Top of Input data
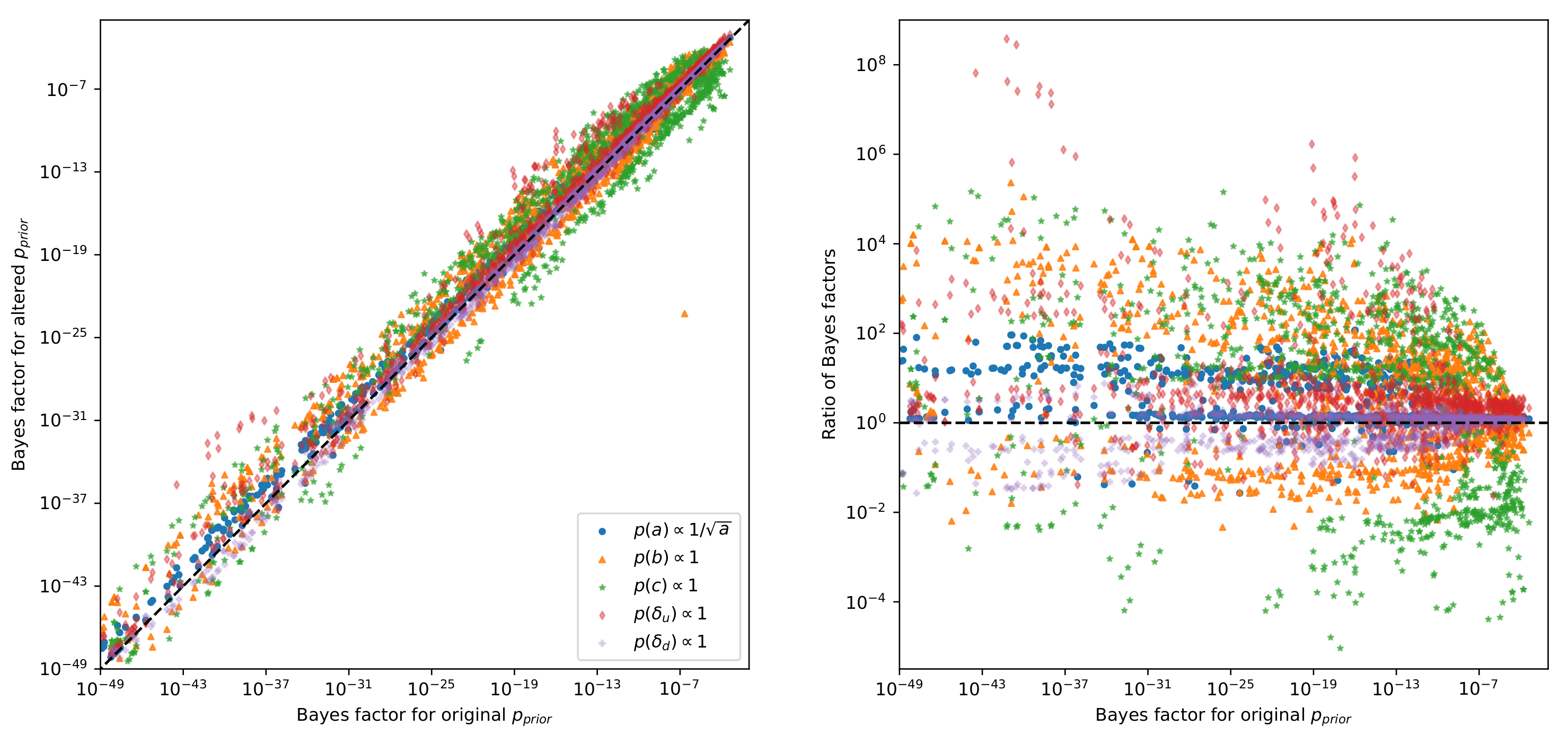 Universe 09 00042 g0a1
Bottom of Input data
Top of Input data
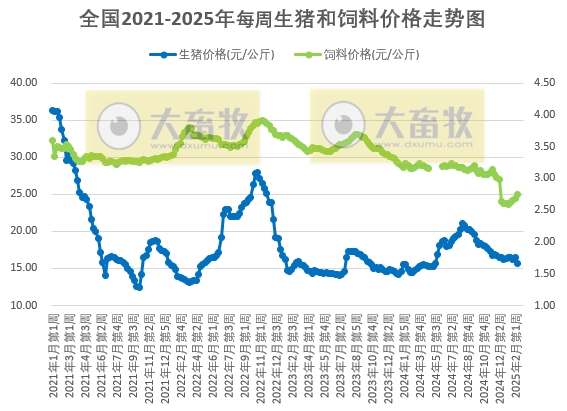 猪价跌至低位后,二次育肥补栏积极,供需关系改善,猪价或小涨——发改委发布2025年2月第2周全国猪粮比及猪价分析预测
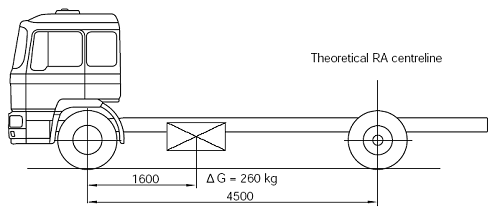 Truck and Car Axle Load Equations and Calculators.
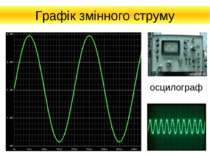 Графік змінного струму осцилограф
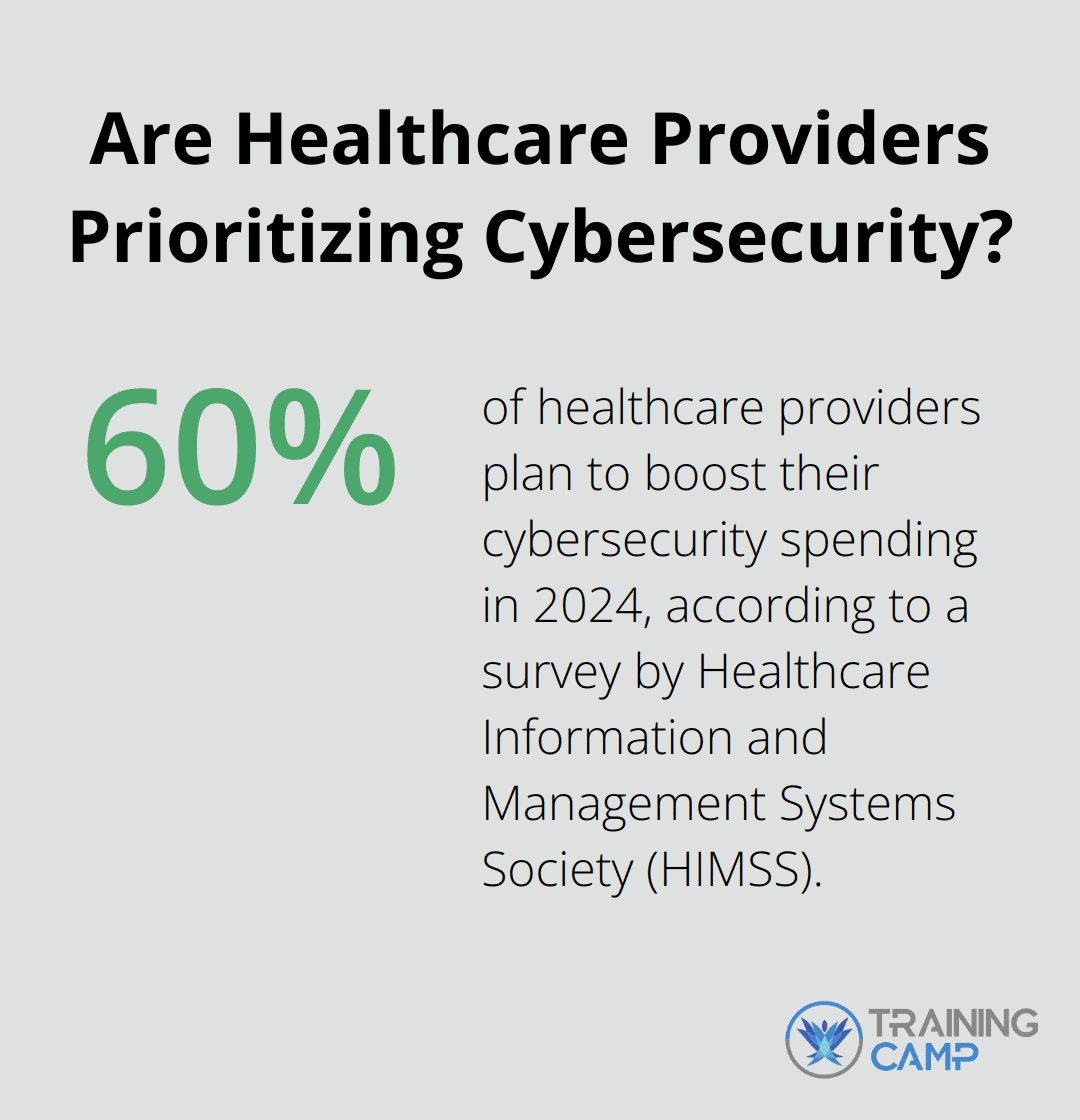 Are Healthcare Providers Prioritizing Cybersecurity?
Bottom of Input data
• Prompt: Transcribe the listing above exactly, but only from the line with "Графік змінного струму осцилограф" through the line with "Are Healthcare Providers". Include both of those lines and omit the pictures.

• Exercise result:
 Графік змінного струму осцилограф
 Are Healthcare Providers Prioritizing Cybersecurity?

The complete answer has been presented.